By the end, the Weaver moment overshadowed Sierra's moment. But at the time, it looked like Sierra was another unlikely hero, headed toward Yankee lore.

In his 1997 book "Chasing the Dream," Torre called Sierra the toughest player he ever had to manage. Torre and Sierra clashed about playing time in 1996, and at one point, Sierra called Torre a liar.

The club finally solved the problem by trading Sierra to the Detroit Tigers.

A couple of years later, during spring training, Sierra talked to Torre and cleared the air. Earlier this season, the Yankees were desperate for a veteran bat off the bench, so on June 6, they re-acquired Sierra from the Texas Rangers.

"You never know in this game," Sierra told the Hartford Courant at the time.

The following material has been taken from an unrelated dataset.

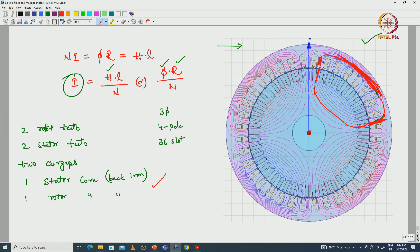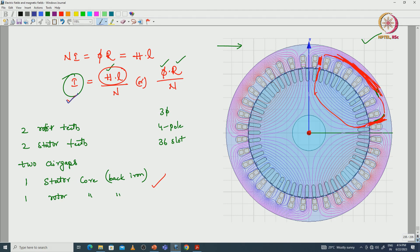The flux is flowing through the different parts of iron. There are MMF drops we have to find. With respect to that MMF and the number of turns of the stator winding, we can find the magnetizing current. The first step is to analyze the fluxes, reluctances, and MMFs in different parts of the iron. Once we have calculated all these things, we can find the magnetizing current.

"I wasn't mature then. This is a new Ruben."

So with two outs in the ninth, and the Marlins protecting a 3-1 lead, Torre summoned Sierra to pinch-hit for Karim Garcia.

Sierra strolled to the plate, a switch-hitter batting from the left side.

With a 3-0 count, Urbina came back with a fastball on the outside corner for a strike. He put his next pitch in the exact same location for strike two. He came back again twice, with the same pitch in the exact same location, and Sierra fouled the pitches off, staying alive.

Then, finally, on the eighth pitch of the at-bat, Marlins catcher Ivan Rodriguez set up on the outside corner again. But Urbina threw the pitch, belt-high, over the inner half of the plate, and Sierra drilled it down the right-field line.

Down to their final strike, the Yankees had struck again. Bernie Williams scored from third, and pinch runner David Dellucci scored from first. Sierra raced around the bases for a stand-up triple.

"I've never been to the World Series before," Sierra said, "so that was one of the biggest [hits of his career]."